The Devil Plays Mahjong

The game begins. After Rachel unloads her woes on her Singaporean college friend Peik Lin (a hilarious, scene-stealing Awkwafina), the two of them come to a conclusion that Eleanor’s put-down was not a defeat but a challenge. And just as smoothly as Crazy Rich Asians entered K-drama territory, it slides back into rom-com land, blessing us with a Devil Wears Prada-worthy makeover scene, complete with a Stanley Tucci-channeling Nico Santos. The graceful way that the film navigates genres is not only entertaining as hell but feels like another cross-cultural achievement where American rom-coms and East Asian dramas form the perfect marriage.

Of course, unlike the standard rom-com makeover scene, the sequence in Crazy Rich Asians isn’t meant to shape a shy, unfashionable Rachel into society’s ideal woman, but to empower her. With the help of Peik Lin’s gaudy, nouveau riche family (a delightful Chieng Mun Koh, a less delightful Ken Jeong) and Nick’s cousin Oliver (Santos), Rachel finds the strength and the perfect dress to face the wolves at Colin and Araminta’s wedding.

What follows is power move after power move — in between moving shows of love between Rachel and Nick and a wedding ceremony that lives up to the “crazy rich” title — with Rachel impressing the Aunties and Nick’s friends (“She’s a fighter,” Colin remarks admiringly to Nick), and getting under Eleanor’s skin. But the film pulls another dramatic reveal on you just as you begin to settle into the celebratory atmosphere. Crazy Rich Asians reverts back to its soapy trappings when Eleanor reveals that her private detective has found that Rachel’s dead father is very much alive, and that she was born out of an affair. The film very nearly suffers from the soapy twists, all of which come straight out of Kwan’s novel. But Chu doesn’t seem as interested in playing up the drama as he is in what comes of it: a touching reconciliation between Rachel and her mother Kerry (Tan Kheng Hua), and a glimpse of Kerry’s immigrant struggles. For all of the film’s dedication to wealth porn, at its heart, the immigrant experience remains essential.

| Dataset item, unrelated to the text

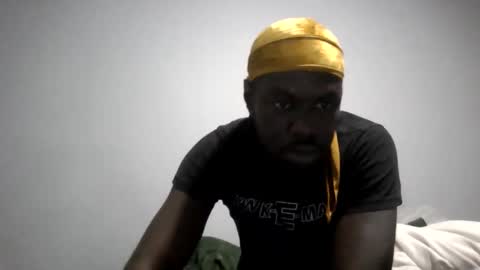 Snapshot of 242doggy242 chatting on 02-15-26, 11:52 420 Bbc online show from 02-15-26, 11:52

It’s Rachel’s status as the daughter of an immigrant that she proudly claims in the climactic stand-off with Eleanor at, fittingly, a mahjong table. Easily the best, most riveting scene in the film, the mahjong game is another film-only addition by Chu that perfectly hones in on the story’s core exploration of Asian-American identity. The entire scene is loaded with meaning and tension, as the mahjong tiles clatter and exchange hands like a ballet, or better yet, like a battle. The game isn’t simply over Nick or even over Rachel earning Eleanor’s approval, but over Rachel’s reconciling the two sides of her cultural identity. Rachel reveals that she made the painful decision to turn down Nick’s proposal and gives up the tile that Eleanor needs to win, leaving her with the victory and with devastating kicker that when Nick ultimately marries a woman worthy of him, “it will be because of me. A poor, raised-by-a-single-mother, low class, immigrant nobody.” With that, Rachel leaves and shows her tiles: she had the winning hand all along.